◆ Task to complete ◆
This exercise asks for an exact copy of the lines from the one containing "Restaurant, Tokyo Bay" through the final line of the material, with pictures omitted.

◆ Dataset excerpt ◆
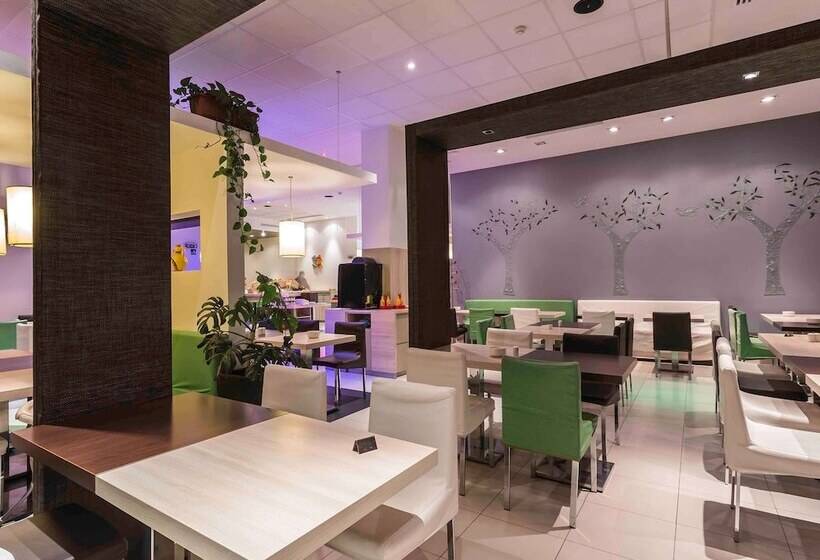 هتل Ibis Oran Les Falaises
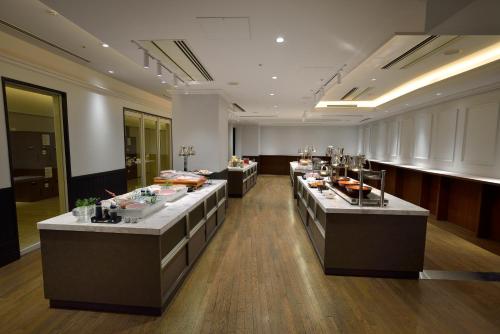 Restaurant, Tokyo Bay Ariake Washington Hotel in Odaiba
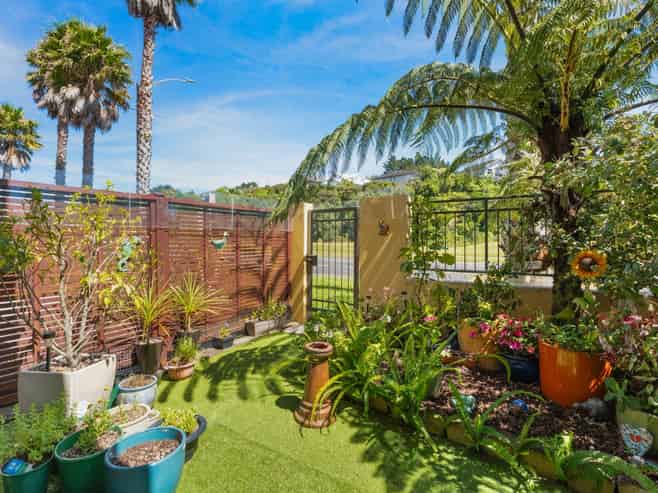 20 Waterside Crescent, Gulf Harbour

◆ Problem solution ◆
 Restaurant, Tokyo Bay Ariake Washington Hotel in Odaiba
 20 Waterside Crescent, Gulf Harbour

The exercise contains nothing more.